Смиреннословие, напротив — это сплошная забота о подобающем внешнем виде. Казалось бы, ну не так уж это и страшно, в конце концов, если человек хочет выглядеть подобающим образом. Но беда в том, что нас сразу на всё не хватает. И вот человек, в котором, на самом деле, бурлят самые обычные страсти, а точнее страстишки, напускает на себя вид умудренного старца, который давно с ними распрпостился — и отныне почти все его силы уходят на поддержание этого прекрасного образа, а вовсе не на достижение подлинного бесстрастия. Сил-то у нас не так много, особенно если поститься всерьез… И вот «житейское море, воздвизаемое зря напастей бурею», тащит в своих волнах человека, а ему и выплывать-то некогда: он делает вид, что не касается его это море, что уже сидит он на берегу в тишине и безопасности.

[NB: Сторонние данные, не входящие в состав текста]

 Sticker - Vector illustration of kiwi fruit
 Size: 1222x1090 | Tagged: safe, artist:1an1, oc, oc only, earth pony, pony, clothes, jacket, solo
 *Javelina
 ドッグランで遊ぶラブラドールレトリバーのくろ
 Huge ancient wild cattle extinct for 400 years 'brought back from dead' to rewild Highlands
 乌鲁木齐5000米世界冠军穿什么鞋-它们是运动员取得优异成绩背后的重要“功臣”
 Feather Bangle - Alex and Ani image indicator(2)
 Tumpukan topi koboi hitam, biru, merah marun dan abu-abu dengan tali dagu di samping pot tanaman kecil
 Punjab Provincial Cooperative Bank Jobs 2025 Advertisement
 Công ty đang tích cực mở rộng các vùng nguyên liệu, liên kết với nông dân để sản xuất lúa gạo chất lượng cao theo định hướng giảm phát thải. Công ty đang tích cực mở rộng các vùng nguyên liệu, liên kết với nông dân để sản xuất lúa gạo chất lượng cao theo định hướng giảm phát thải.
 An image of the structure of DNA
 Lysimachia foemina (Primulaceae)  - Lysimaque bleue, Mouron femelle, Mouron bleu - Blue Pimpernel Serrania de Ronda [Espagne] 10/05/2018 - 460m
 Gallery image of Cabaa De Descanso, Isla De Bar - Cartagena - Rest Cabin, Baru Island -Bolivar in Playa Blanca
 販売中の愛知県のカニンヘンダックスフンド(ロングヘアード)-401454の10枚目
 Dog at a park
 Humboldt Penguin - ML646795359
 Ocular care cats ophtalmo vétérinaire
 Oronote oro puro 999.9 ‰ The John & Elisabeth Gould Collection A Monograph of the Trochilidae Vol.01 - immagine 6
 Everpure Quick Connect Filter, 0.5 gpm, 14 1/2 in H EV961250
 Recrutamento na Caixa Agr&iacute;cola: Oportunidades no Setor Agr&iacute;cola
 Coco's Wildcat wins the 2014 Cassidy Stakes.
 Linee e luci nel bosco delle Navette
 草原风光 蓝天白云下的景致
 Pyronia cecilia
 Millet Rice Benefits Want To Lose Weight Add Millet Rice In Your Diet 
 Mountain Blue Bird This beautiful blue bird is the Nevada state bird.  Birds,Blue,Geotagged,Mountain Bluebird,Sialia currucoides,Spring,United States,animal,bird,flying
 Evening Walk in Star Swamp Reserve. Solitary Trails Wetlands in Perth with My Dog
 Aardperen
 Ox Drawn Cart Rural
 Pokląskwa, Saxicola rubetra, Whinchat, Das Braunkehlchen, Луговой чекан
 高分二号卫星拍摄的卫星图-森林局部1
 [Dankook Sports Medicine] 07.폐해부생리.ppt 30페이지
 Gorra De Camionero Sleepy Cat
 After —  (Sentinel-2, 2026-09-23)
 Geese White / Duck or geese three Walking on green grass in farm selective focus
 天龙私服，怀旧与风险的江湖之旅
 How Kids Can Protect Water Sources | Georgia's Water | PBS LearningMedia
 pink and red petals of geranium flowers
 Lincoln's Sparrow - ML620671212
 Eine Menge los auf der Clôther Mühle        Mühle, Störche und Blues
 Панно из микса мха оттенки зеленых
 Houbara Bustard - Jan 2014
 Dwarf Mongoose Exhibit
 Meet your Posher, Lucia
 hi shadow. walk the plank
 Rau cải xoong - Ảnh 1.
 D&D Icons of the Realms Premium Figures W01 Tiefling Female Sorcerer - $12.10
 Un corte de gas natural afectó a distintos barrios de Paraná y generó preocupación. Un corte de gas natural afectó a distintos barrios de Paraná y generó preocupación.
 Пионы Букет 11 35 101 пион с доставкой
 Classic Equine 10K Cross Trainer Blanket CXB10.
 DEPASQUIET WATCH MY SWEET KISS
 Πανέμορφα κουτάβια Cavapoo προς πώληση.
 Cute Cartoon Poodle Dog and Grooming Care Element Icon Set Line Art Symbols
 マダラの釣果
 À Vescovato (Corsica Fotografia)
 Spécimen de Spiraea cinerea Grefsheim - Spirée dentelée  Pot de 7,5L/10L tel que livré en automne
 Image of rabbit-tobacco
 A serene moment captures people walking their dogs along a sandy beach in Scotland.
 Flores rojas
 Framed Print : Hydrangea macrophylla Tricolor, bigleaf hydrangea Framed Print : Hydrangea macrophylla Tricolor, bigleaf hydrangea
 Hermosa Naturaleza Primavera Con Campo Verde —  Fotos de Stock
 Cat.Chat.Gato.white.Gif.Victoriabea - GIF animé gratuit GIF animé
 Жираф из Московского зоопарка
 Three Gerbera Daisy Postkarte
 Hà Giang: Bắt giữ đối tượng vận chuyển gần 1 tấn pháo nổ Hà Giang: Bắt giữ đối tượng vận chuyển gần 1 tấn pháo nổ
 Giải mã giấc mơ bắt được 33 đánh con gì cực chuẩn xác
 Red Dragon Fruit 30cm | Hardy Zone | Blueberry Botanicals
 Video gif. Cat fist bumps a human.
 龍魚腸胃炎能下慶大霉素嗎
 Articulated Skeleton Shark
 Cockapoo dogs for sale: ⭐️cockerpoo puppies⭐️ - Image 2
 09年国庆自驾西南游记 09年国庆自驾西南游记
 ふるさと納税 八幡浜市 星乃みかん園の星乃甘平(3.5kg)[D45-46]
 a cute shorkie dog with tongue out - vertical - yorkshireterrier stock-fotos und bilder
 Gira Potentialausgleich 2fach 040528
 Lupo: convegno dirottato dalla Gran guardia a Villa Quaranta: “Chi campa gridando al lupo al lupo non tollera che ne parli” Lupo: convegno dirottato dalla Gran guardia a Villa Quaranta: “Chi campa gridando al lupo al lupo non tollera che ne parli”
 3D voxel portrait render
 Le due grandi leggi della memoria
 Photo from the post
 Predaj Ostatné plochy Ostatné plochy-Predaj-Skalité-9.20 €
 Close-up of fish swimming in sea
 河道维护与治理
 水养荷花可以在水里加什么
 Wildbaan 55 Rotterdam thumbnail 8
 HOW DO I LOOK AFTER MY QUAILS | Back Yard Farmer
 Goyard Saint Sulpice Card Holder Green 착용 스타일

Мы несовершенны, мы слабы и глупы, но Бог может преобразить нас. Надо Его только попросить, а для того — признать свою слабость и глупость, попросить о даровании смиренномудрия. А вот если говорить Ему, а прежде того окружающим, что всё уже состоялось, что нет ни в чем недостачи — тогда и дать Он ничего не сможет, просто потому, что место окажется занятым. Вместо смиренномудрия — смиреннословие.
А прощать по-настоящему действительно трудно. Меня поразил в свое время рассказ владыки Антония Сурожского о том, как он в юности не мог простить проступок какого-то своего товарища. Казалось бы, у него была такая прекрасная возможность сказать кучу всяких благочестивых слов, всяких «это-вас-спаси-господи"… но в сердце он не ощущал прощения. Тогда он рассказал об этом своему духовнику. И духовник посоветовал быть честным перед Богом — а это, в частности, означало, что когда он будет читать в следующий раз молитву Господню, он должен пропустить слова «и остави нам долги наша, якоже и мы оставляем должником нашим», раз на самом деле он не прощает своему должнику. Заметим, что духовник не отлучил его от причастия, не велел ему сделать какое-то громкое заявление… Он просто предложил ему быть честным перед Богом, оставив все подробности на его совести.
Вечером юноша Андрей — будущий владыка Антоний — стал читать молитвы, и споткнулся на этих словах о прощении. Совесть не позволяла ему произнести их по привычке, что называется, «оттарабанить положенное». И ему пришлось, да, буквально пришлось прервать молитву, побеседовать со своим сердцем… и простить обидчика, чтобы можно было двигаться дальше. Наедине с Богом и своей совестью так обучался смиренномудрию один из самых мудрых и смиренных людей, какие только жили в этом мире.
В конце такой статьи положена мораль, но нужна ли она сейчас? Если я скажу нечто очень назидательное и правильное, не будет ли это очередным приступом смиреннословия с моей стороны? Даже если я просто процитирую слова великопостной молитвы Святого Ефрема Сирина, не стоит делать этого на публику. Поэтому, дорогой читатель, пусть каждый делает выводы сам, наедине с Богом и своей совестью.